The poems at the centre of this fascinating account, are the threnodies of the seventh-century Arabic poet Tumāḍir bint ‘Amr, known to posterity as al-Khansā, a woman who composed and sang hymns to the loss of her two brothers in battle—more than a hundred wailing odes that were memorized and passed on for two centuries before they were committed to writing. Although Montgomery had taught these well-known elegies for three decades, through significant losses and traumas of his own including a close proximity to the surreal horror of the attack on the World Trade Towers, he had found them repetitive and cliched. It took his son’s injury to unlock their power. As a parent with a seriously injured child, the rules of order were suddenly rewritten. He realized that his son’s need for assistance would increase as his own physical abilities declined, and when an unexpected potential health problem of his own arose, his concerns for the future intensified.

Memory is a strange place. It is unreliable, pliant, liable – mercifully so. It makes so many mistakes, gets so much wrong. An event like the one I am describing rips to shreds the veil of the commonplace and the mundane, and memory is charged with the task of remembering the future, of recalling the unusual; for such events reveal to us that the future is little more than a memory.

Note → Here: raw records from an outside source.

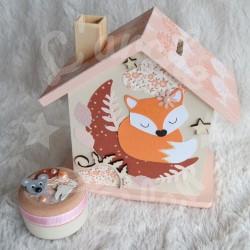 Tirelire renard endormi sur la lune personnalisée au prénom de l'enfant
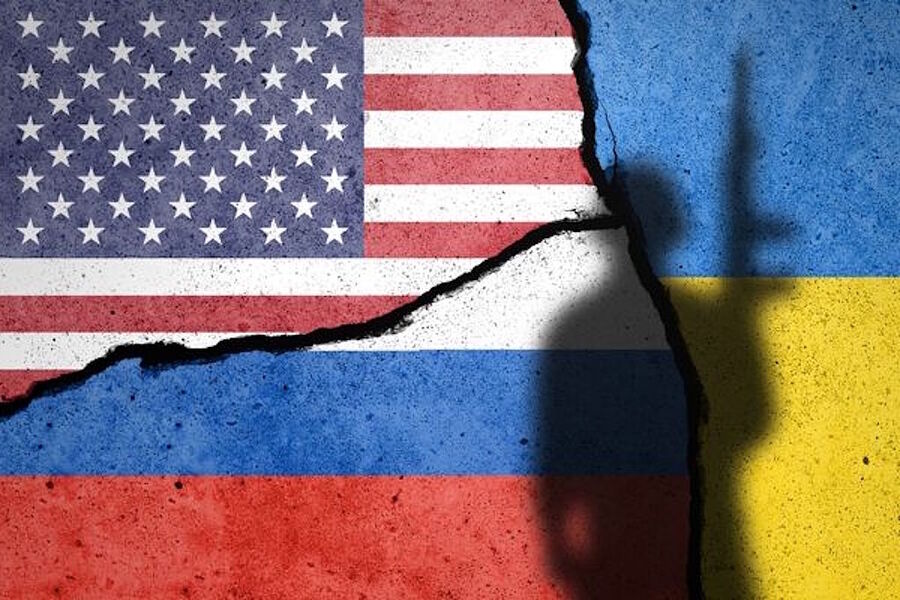 graphic russia us ukraine flag soldier shadow war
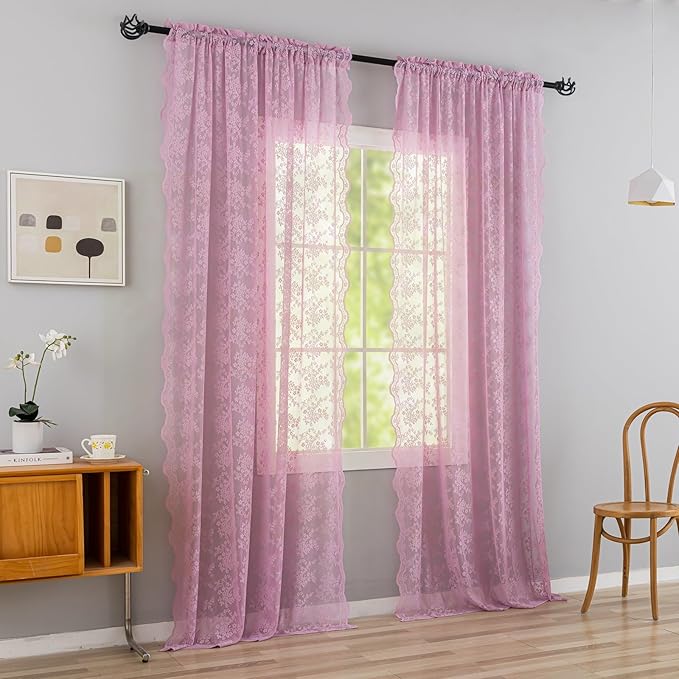 YJ YANJUN Vintage Lace Curtains 108 Inch Long-Victorian Floral Pattern Lilac - Image 2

What unfolds over the course of less than forty pages is a multi-stranded meditation on grief, loss, and the relationship between trauma and memory. As Montgomery notes, the confusion that commonly strikes in the aftermath of trauma is a response to the confrontation of previously trusted memory with a “new reality, an unalterable experience.” He recognizes a close analogy in literary translation. In order for a translator to recreate a literary work in another language, decisions must be made about what can be left out as much as what one wishes to retain. With poetry in particular, he says, it may be the only means of transmitting what is irreducibly poetic, and as such, literary translation is “more akin to trauma than it is to memory.” As trauma leaves one at odds to make sense of the world, often bound to a silence that swallows up attempts to give voice to grief, the mourner is forced to navigate a “no-man’s land” between one remembered reality and a new one. Literary translation echoes this process, and through the act of translating al-Khansā’s poetry in particular, Montgomery is able to articulate his own experience of grief and loss through an understanding and appreciation of the very elements that once irked him in these classical Arabic laments.

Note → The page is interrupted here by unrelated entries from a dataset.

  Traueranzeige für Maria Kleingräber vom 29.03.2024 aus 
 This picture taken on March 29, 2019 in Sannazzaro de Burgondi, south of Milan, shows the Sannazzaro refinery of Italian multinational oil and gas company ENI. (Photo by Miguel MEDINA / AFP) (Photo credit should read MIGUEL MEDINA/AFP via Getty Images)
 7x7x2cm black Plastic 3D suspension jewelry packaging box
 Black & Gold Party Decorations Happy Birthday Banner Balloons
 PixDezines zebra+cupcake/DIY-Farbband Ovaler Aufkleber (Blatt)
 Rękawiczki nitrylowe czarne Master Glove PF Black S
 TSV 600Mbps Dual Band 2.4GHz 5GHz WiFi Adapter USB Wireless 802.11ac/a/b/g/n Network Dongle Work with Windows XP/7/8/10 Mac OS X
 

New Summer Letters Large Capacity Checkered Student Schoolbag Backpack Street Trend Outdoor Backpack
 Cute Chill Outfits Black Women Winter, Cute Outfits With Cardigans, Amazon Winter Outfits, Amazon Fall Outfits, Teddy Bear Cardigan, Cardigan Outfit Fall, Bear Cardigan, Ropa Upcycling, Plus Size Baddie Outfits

We are all likely well aware of the kind of cliché, stock phrases, and time-worm comforts that are offered as a solace in times of loss. When faced with profound grief ourselves, there is often a sense that common statements fall short of the magnitude of our emotions. Yet we reach for them—in condolences, eulogies, obituaries. Or worse, for fear of sounding banal we say nothing. It takes the near loss of his son for Montgomery to finally feel the power of these clichés, in the personal and the poetic:

Experience, memory, artifice and art are confronted by the absence of comfort, and earlier versions of a poet’s selves are rehearsed and re-inscribed in memory – but the brute truth of the mundanity of death is the age-old cliché about clichés, namely that, like death, they are too true.

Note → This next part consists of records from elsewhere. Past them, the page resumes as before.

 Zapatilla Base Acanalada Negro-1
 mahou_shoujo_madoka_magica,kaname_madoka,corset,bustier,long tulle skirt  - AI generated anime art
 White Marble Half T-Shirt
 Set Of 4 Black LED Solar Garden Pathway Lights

The seventh-century warrior society to which al-Khansā belonged was bound by intense devotion to the cult of the ancestor. Death in battle demanded both vengeance and epic memorial. The latter was the responsibility of women, and her sequence of Arabic keenings—songs of loss— are the most extensive, powerful and poetically inventive to have survived to the present. Her poems are defiant. She will allow no accommodation of her loss over time, her grief stands still, “(h)er doleful, disembodied voice, entombed forever in the inanimate sarcophagus of metre, rhyme, and language.”

Night is long, denies sleep.
.    I am crippled
by the news—
.    Ibn ‘Amr is dead.

I will cry my shock.
.    Why shouldn’t I?
Time is fickle,
.    Disaster shock.

Eyes, weep
.     for my dear brother!
Today, the world
.     feels my pain.

Montgomery’s reflections on his own experiences with loss and the parallels he sees in translation speak clearly to lived grief and trauma. The yearning, aching threnodies of al-Khansā woven throughout, call from the distant past with a pain and longing that is recognizable, real, especially for anyone who is, as I am, still caught in the lingering aftermath of a series of significant losses. But throughout my engagement with this book there was one thought that I could not shake, a possible understanding that the author himself is perhaps not fully aware of. He admits that he is not entirely certain why these ancient Arabic laments finally reached into him when they did.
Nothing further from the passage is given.